Besides, the change in demographic composition for different planning areas can be quite different from one another.
Fig 7: Proportion of Elderly vs Young stayed in Ang Mo Kio in 2011 & 2019
Fig 8: Proportion of Elderly vs Young stayed in Punggol in 2011 & 2019
As shown under Fig 7 and Fig 8, we noted the number of population in Ang Mo Kio remains quite stable, while there is an increase in population in Punggol. This is expected as Ang Mo Kio is mature estate while more new HDBs were built in non-matured areas such Punggol in the past 9 years.
Meanwhile, we also do observe that there is a slight increase in proportion of young in Punggol from 2011 to 2019 in Fig 8. This is probably due to the families stay in Punggol are mostly younger couples, resulting in an increase in proportion of young over the years.
Graph 2 - Proportion of Active vs Elderly
Similarly, I have followed the same steps as per Graph 1 to prep for my data.
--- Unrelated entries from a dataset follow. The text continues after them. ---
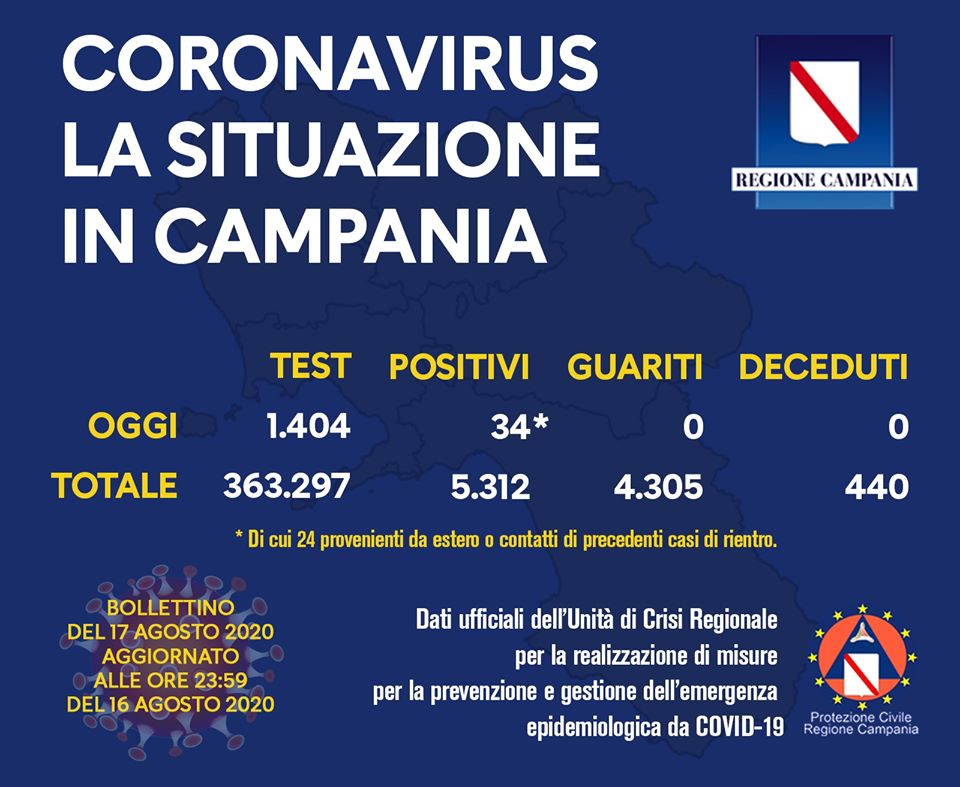 Covid-19, oggi 34 nuovi positivi in Campania di cui 24 legati ai rientri dall’estero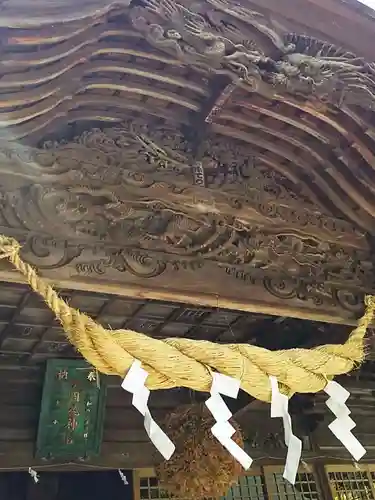 大國魂神社の本殿・本堂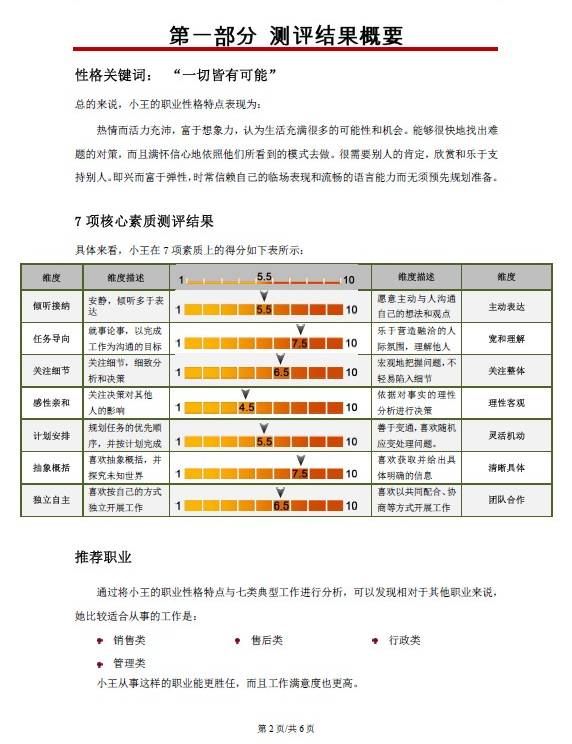 三招教你职业选择，让工作事半功倍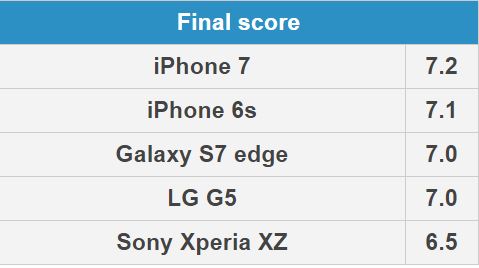 iphone-7-6s-s7-edge-lg-g5-xperia-xz-camera-scor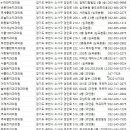 오정M플란트치과의원 | 부천치과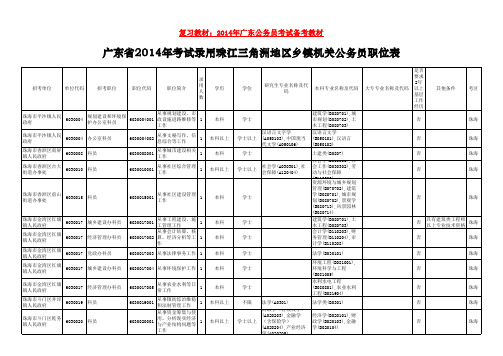 2014年广东公务员考试职位表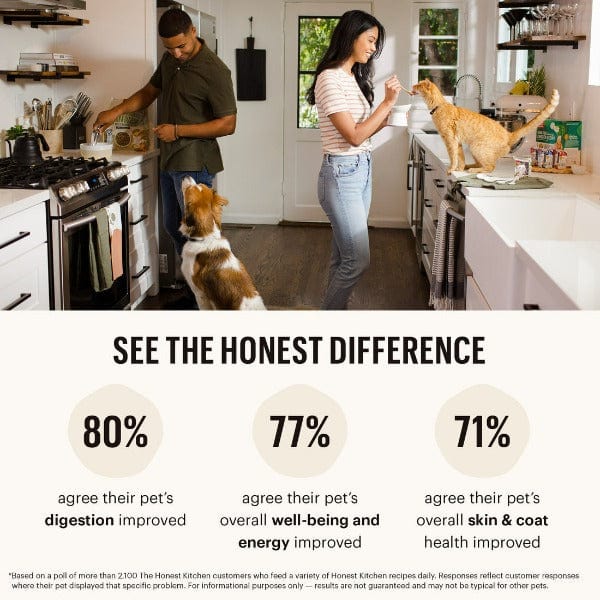 The Honest Kitchen Grain Free Chicken Dehydrated Cat Food (SPECIAL ORDER ITEM) - Image 9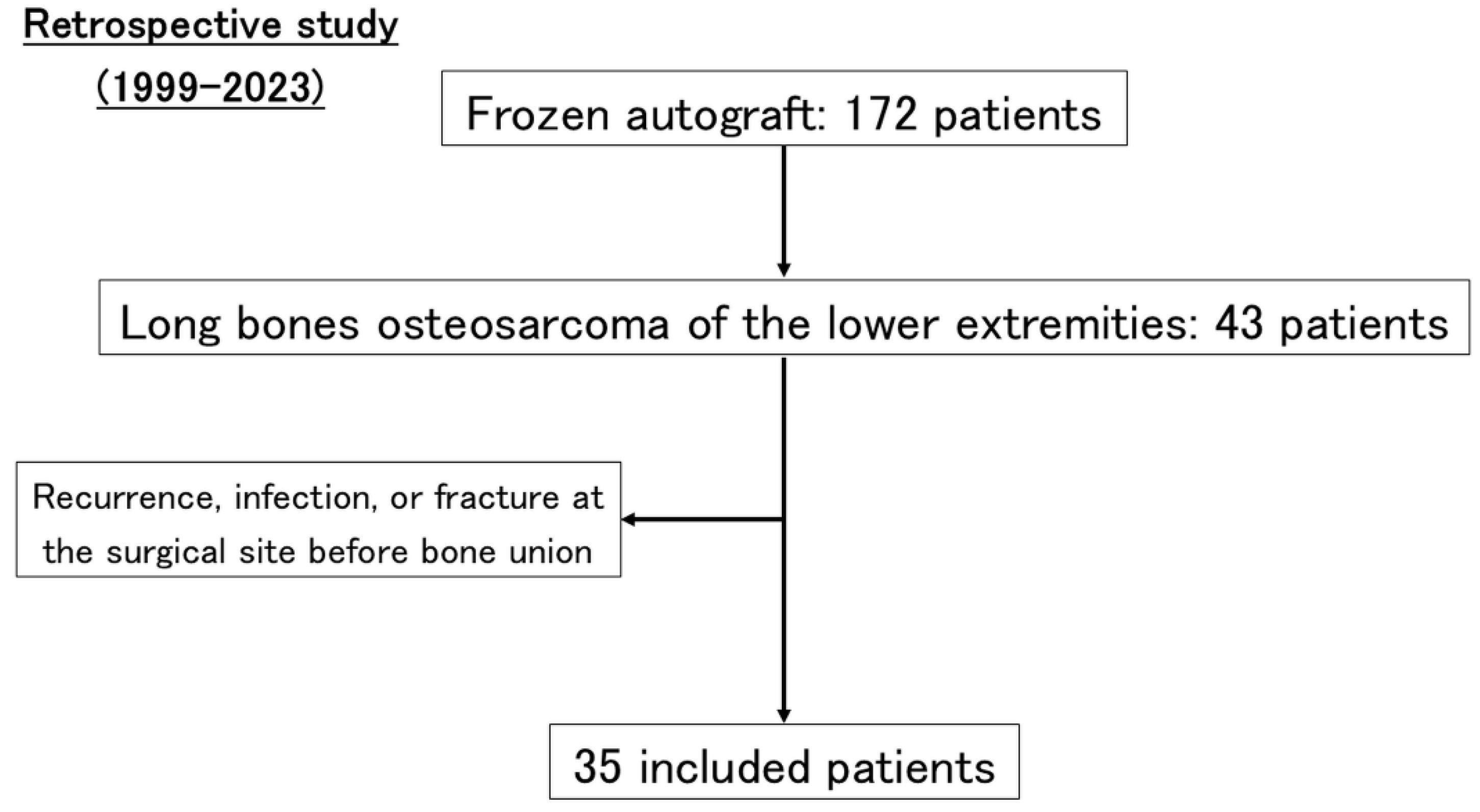 Cancers 17 03601 g002 Cancers 17 03601 g002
But instead of filtering out the active group, I will keep the active group and filter out the young.
total_data_active_elderly <- total_data_merged %>%
group_by(Year, Planning_Area) %>%
filter(Economic_Dependency_Indicator != "young", Year >= 2011, Total_Population>=1100) %>%
select(-Proportion_Economic_Dependency, -Economic_Dependency_Indicator) %>%
summarise(Overall_Population = mean(Total_Population),
Proportion_Active = sum(Proportion_Active),
Proportion_elderly = sum(Proportion_elderly))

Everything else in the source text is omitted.